Another performance that suffers belongs to Woody Harrelson. His Charlie Costello is such an oddball – a mobster who’s driven to tears when his Shih Tzu Bonny gets kidnapped. This is a role Harrelson can carry in his sleep, and of course he’s funny in it. To me, he just feels underwritten. There’s a scene the actor shares with Linda Bright Clay that’s one of the film’s strongest, but everything that comes after are attempts at reigning his character back. I sense McDonagh was loath to give the film a true-blue villain, but with Costello the film doesn’t go far enough.
Josh: Agreed on Harrelson. But more so than the part being underwritten, I think it is just too old-hat at this point. We’ve seen this sort of character, this sort of joke, repeated endlessly since the mid-90s. Oh, a violent scary tough guy who gets ironically emotional about a really girlie thing, and then gives little speeches about how he’s feeling?! Wacka wacka! Psychopaths doesn’t feel like as much of a late-to-the-party relic as, say, Smokin’ Aces did. But the story and characters don’t exactly feel fresh. And Harrelson’s Charlie Costello is the embodiment of that. Of course, what makes Psychopaths nothing like Smokin’ Aces is that McDonagh’s script and his handling of said script are able to (mostly) distract you from the johnny-come-lately-ness of the film’s concept.
I do disagree on Marty though. The film does indeed need a straight man for Rockwell and the others to orbit around, but being a straight man doesn’t preclude a character from being interesting. Just look at In Bruges and Brendan Gleeson. By making Marty an alcoholic, it also doesn’t seem like McDonagh wanted the character to be a cipher — which, even though I wouldn’t get it, could be argued as further commentary on screenwriters. It seems like the character/performance just fell flat.

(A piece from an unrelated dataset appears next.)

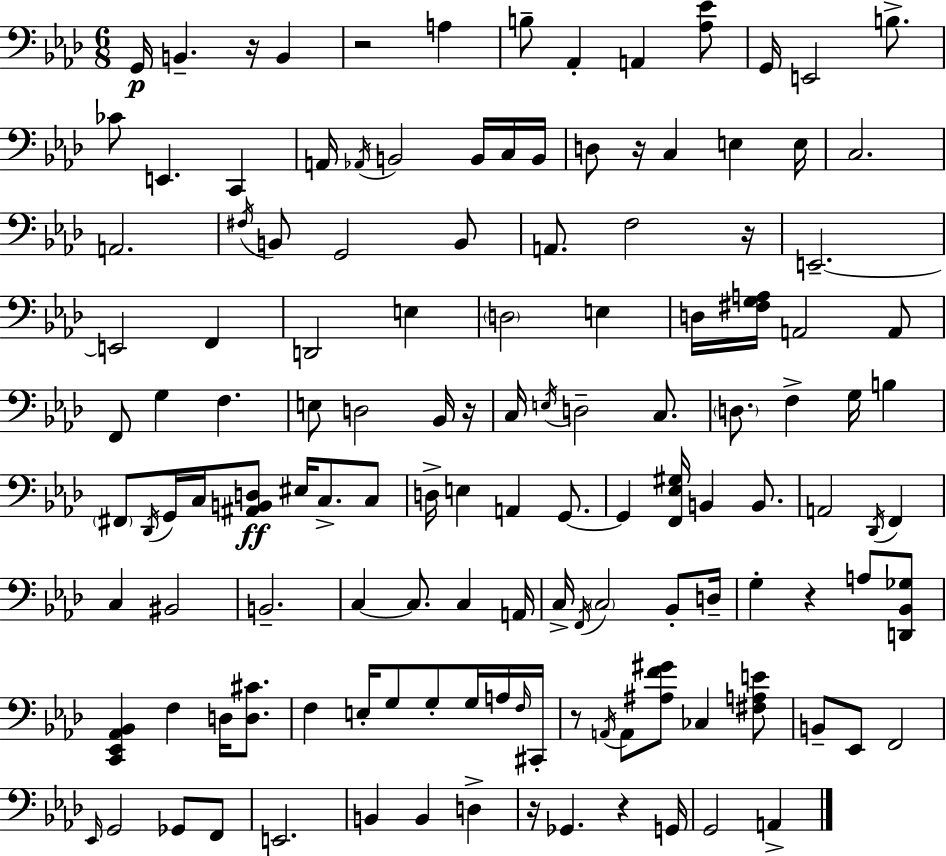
G2/s B2/q. R/s B2/q R/h A3/q B3/e Ab2/q A2/q [Ab3,Eb4]/e G2/s E2/h B3/e. CES4/e E2/q. C2/q A2/s Ab2/s B2/h B2/s C3/s B2/s D3/e R/s C3/q E3/q E3/s C3/h. A2/h. F#3/s B2/e G2/h B2/e A2/e. F3/h R/s E2/h. E2/h F2/q D2/h E3/q D3/h E3/q D3/s [F#3,G3,A3]/s A2/h A2/e F2/e G3/q F3/q. E3/e D3/h Bb2/s R/s C3/s E3/s D3/h C3/e. D3/e. F3/q G3/s B3/q F#2/e Db2/s G2/s C3/s [A#2,B2,D3]/e EIS3/s C3/e. C3/e D3/s E3/q A2/q G2/e. G2/q [F2,Eb3,G#3]/s B2/q B2/e. A2/h Db2/s F2/q C3/q BIS2/h B2/h. C3/q C3/e. C3/q A2/s C3/s F2/s C3/h Bb2/e D3/s G3/q R/q A3/e [D2,Bb2,Gb3]/e [C2,Eb2,Ab2,Bb2]/q F3/q D3/s [D3,C#4]/e. F3/q E3/s G3/e G3/e G3/s A3/s F3/s C#2/s R/e A2/s A2/e [A#3,F4,G#4]/e CES3/q [F#3,A3,E4]/e B2/e Eb2/e F2/h Eb2/s G2/h Gb2/e F2/e E2/h. B2/q B2/q D3/q R/s Gb2/q. R/q G2/s G2/h A2/q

Tim: Your assessment is a fair one, but I see Marty as one surrogate in a film with more than a few – and as a filter of sorts for these extentions of McDonagh’s psyche. Despite the varying mileage one finds in a few of the lesser characters, Seven Psychopaths is a film that promises to reward on repeat viewings: an intelligent composition that entertains and trusts the viewer enough to let them figure shit out for themselves. I don’t blame CBS Films for a misleading promotion due simply to what an unsellable film this reveals itself as. This is not about a stolen Shih Tzu, it’s a twisted window into one man’s craft and a creativity predisposed to violence. McDonagh’s acknowledging his own culpability and critiquing the relationship between imagination and influence. That he manages to do it in such a spirited and unpretentious manner makes Seven Psychopaths a rare treat indeed.
Josh: It does feel like a treat. One with empty calories, but hey, plenty of delicious things have empty calories. As I’ve already said, despite my problems with the film, I already have a strong urge to watch it again. Mostly just to bask in Rockwell burning up the screen. In a perfect world, where comedy is taken more seriously, Rockwell should grab an Oscar nomination for Best Supporting Actor next year.